Repeat the data that follows exactly, starting at the line with "Gentle Caribbean Ocean" and ending at the line with "Pre Owned Celine", and leave out every picture.

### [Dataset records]

-------------------------

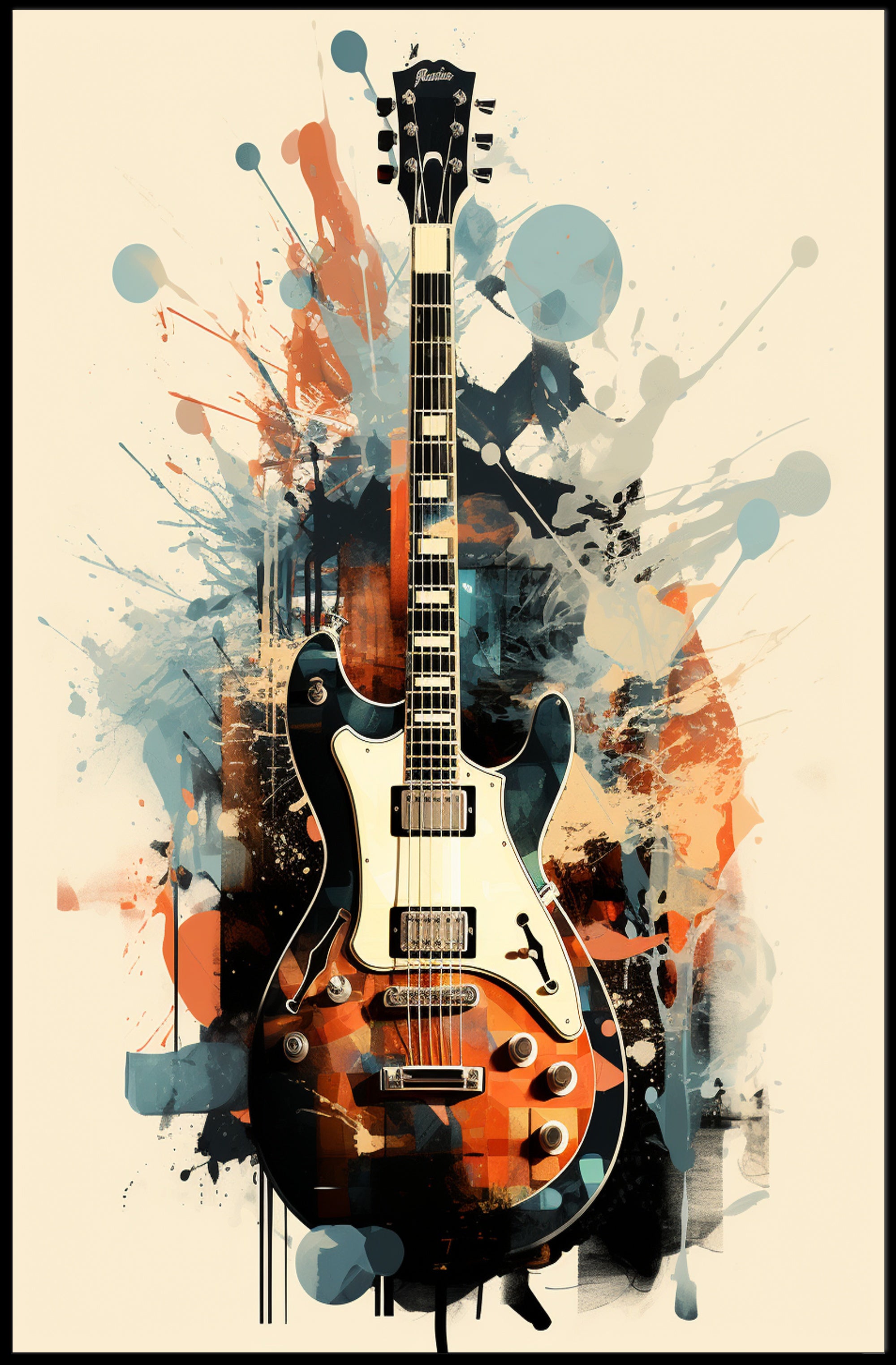 Vibrant Guitar Art Poster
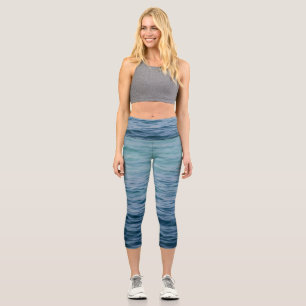 Gentle Caribbean Ocean Ripples #1 #ocean #wall Capri Leggings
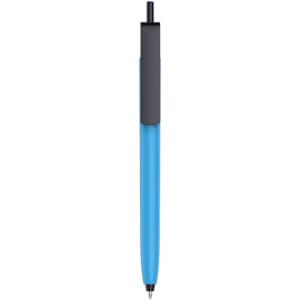 A push button pen with a blue barrel and black cap, featuring a logo on the barrel.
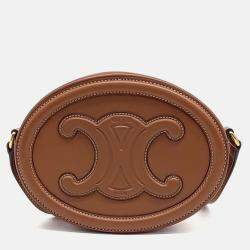 Pre Owned Celine Brown Leather Crossbody Oval Pulse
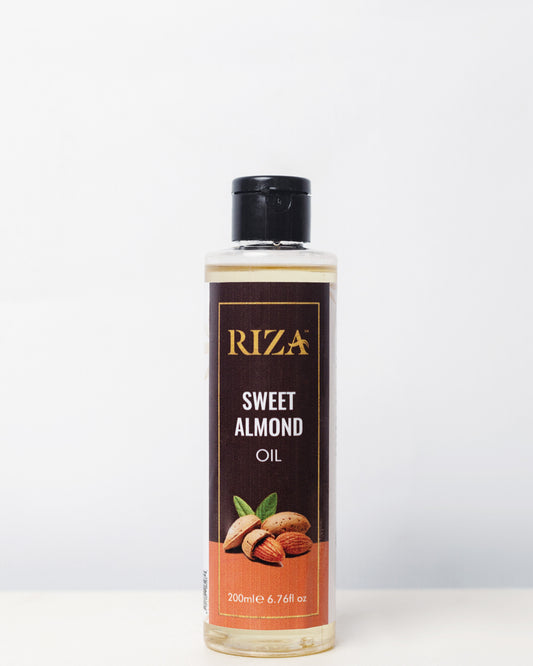 Riza Sweet Almond Oil for soft, nourished skin and healthy hair care.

-------------------------

### [Response to the exercise]
 Gentle Caribbean Ocean Ripples #1 #ocean #wall Capri Leggings
 A push button pen with a blue barrel and black cap, featuring a logo on the barrel.
 Pre Owned Celine Brown Leather Crossbody Oval Pulse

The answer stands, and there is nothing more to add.